1-D Kinematics - Lesson 6 - Describing Motion with Equations

# Sample Problems and Solutions Earlier in Lesson 6, four kinematic equations were introduced and discussed. A useful problem-solving strategy was presented for use with these equations and two examples were given that illustrated the use of the strategy. Then, the application of the kinematic equations and the problem-solving strategy to free-fall motion was discussed and illustrated. In this part of Lesson 6, several sample problems will be presented.
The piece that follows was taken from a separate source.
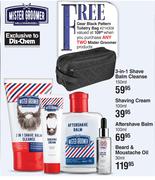 Mister Groomer Beard & Moustache Oil-30ml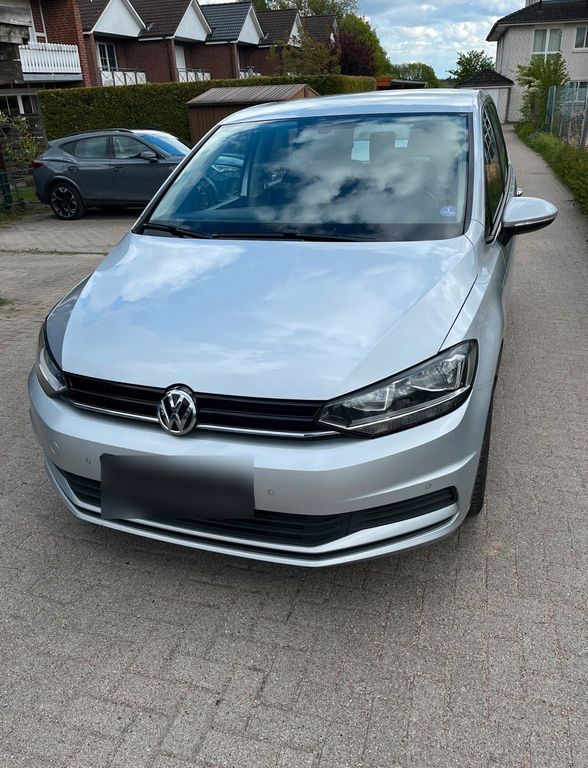 Image of Volkswagen Touran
These problems allow any student of physics to test their understanding of the use of the four kinematic equations to solve problems involving the one-dimensional motion of objects. You are encouraged to read each problem and practice the use of the strategy in the solution of the problem. Then click the button to check the answer or use the link to view the solution.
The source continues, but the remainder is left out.